Studying the AVO and AI behavior for a certain reservoir with different fluids type (wet and gas cases), fluid replacement (fluid substitution), and using Gassmann’s equation75 on the reservoir well data to change the fluid type and the saturation to assess the AVO and AI behavior for the different conditions. Also, it is possible to compare the various pore fluid conditions with the seismic data by creating a synthetic seismograph using Zoeppritz's equations or one of its approximations.

There are three stages that could control the AI trends and the seismic signatures of sand-shale interfaces as a function of depth, which describe the anomalous lithologies or diagenetic zones23,76 (Fig. 6A).

  • Stage 1 During sediment deposition, shallow unconsolidated sand (1600–1800 m) depending on the degree of mechanical compaction (Bright Spot).

  • Stage 2 During burial, phase reversal (2200–2700 m) is due to cementation (Mechanical compaction; overpressure of approximately 1900–2000 m).

  • Stage 3 Sand is cemented, and the shale fluid is being squeezed out resulting in diagenetic zones (Dimout Amplitude, Dim Spot).
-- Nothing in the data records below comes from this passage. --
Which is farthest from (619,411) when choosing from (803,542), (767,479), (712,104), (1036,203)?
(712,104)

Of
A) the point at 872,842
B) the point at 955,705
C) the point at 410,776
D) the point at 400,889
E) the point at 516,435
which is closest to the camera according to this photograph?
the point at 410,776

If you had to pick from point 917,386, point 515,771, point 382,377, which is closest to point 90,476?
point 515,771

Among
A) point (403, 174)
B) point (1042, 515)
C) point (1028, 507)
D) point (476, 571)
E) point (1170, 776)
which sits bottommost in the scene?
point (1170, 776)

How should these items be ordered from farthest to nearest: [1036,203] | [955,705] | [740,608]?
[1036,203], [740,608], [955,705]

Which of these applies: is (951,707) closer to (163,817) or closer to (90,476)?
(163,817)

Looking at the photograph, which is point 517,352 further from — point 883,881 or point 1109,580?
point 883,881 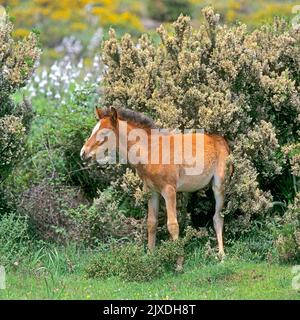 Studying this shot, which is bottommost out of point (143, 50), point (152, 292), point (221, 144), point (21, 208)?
point (152, 292)

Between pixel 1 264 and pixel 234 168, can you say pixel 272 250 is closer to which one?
pixel 234 168

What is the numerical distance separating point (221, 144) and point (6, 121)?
2.63m

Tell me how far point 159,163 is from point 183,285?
1481 mm

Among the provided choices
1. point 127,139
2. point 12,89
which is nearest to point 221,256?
point 127,139

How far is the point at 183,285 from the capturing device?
31.8ft

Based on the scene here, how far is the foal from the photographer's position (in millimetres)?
10203

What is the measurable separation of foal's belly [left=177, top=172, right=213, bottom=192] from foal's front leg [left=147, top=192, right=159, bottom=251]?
335 mm

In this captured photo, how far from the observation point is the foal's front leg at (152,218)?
35.0ft

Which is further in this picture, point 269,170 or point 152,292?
point 269,170

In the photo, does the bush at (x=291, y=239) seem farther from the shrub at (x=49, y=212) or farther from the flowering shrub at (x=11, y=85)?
the flowering shrub at (x=11, y=85)

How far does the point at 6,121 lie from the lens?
1105 centimetres

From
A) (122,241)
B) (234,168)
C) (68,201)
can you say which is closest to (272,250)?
(234,168)

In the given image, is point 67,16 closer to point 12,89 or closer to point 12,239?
point 12,89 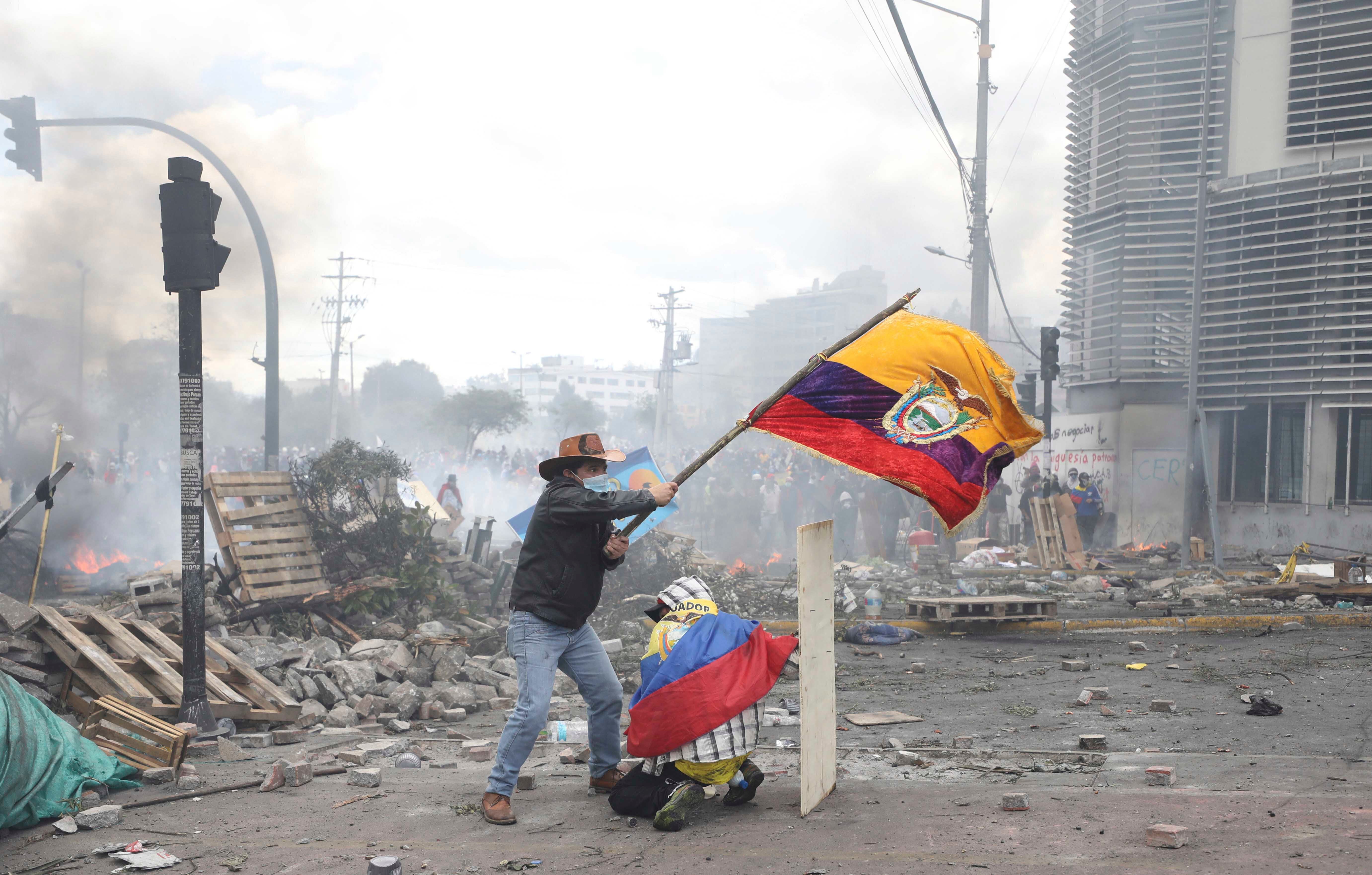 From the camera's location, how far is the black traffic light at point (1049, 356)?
16.5m

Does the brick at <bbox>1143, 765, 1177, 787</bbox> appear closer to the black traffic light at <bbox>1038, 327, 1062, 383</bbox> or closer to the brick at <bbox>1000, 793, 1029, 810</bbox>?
the brick at <bbox>1000, 793, 1029, 810</bbox>

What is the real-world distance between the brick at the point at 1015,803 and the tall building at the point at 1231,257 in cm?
1296

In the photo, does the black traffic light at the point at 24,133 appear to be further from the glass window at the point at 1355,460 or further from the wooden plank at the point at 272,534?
the glass window at the point at 1355,460

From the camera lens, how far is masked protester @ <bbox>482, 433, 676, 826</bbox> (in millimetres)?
4391

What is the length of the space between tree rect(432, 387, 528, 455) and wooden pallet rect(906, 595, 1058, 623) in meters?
45.8

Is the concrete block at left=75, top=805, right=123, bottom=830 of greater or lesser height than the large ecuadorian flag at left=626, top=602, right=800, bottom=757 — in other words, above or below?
below

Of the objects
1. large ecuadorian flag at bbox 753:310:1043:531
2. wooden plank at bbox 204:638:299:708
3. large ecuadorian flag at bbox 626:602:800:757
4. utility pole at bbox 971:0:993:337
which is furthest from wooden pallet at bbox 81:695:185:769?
utility pole at bbox 971:0:993:337

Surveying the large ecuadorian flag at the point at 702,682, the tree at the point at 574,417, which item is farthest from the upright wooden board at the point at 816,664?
the tree at the point at 574,417

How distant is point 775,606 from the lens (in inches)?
498

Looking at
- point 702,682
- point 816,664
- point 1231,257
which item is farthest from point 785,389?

These three stages will be assessed in this research for the Early and Late Miocene reservoirs.

Results

The Early Miocene Target (EMT-1) is the first well to be drilled in the Syrian Arc Phase II structure within the study area in the Offshore North Sinai Basin. The structure took place in the Early Miocene and continued through the Middle Miocene on the down-dip side of the Pelusium Line and the older Cretaceous Syrian Arc Phase I targeted by the Goliath-1 well, as more than 1000 m of sediments accumulated in the study area beneath the Messinian Salt in a localized depocenter (Fig. 4). The 3D seismic interpretation and amplitude map of the Early Miocene section (Burdigalian and Aquitanian) show a dim seismic amplitude, partially controlled by the structure lowest closed contour (the spill of the structure) (Fig. 7C), and coincidentally leveled with a flat event at -3530 m TVDSS (True Vertical Depth Sub-Sea) (Fig. 7). According to the expected seismic amplitude response with depth (Fig. 6), the reservoir character response at the top target depth of -3300 m TVDSS should exhibit a dim out of the seismic amplitude since the reservoir should follow the stage-3 AI behavior as the sand is cemented and the shale is being squeezed out resulting in diagenetic zones (Fig. 6A). So, the gas sand will have a higher in AI than the shale above, which is represented by dimout amplitude (Fig. 7C).

Figure 5
figure 5

Flow Diagram of the Methodology in the study shows the pre-drilling and post-drilling of the EMT-1 Well.

Figure 6
figure 6

(A) Expected acoustic impedance trends and responses to hydrocarbons 74, (B) Expected acoustic impedance model for the gas sand, and (C) the possible AVO seismic signatures with depth (Age).

Figure 7
figure 7

(A) BB’ seismic section as the location shown in Fig. 1, and (B) the perpendicular seismic section XBXB’, show EMT-1 Early Miocene structure, where the top target characterized by dim amplitude above a certain flat event at 3530 m which matches the spill point of the structure, (C) Amplitude map overlayed by structure contour lines, which shows the good match of the dim amplitude with the structure spill. Created in Dana Gas Egypt using Petrel 2020 software, https://www.software.slb.com/products/petrel.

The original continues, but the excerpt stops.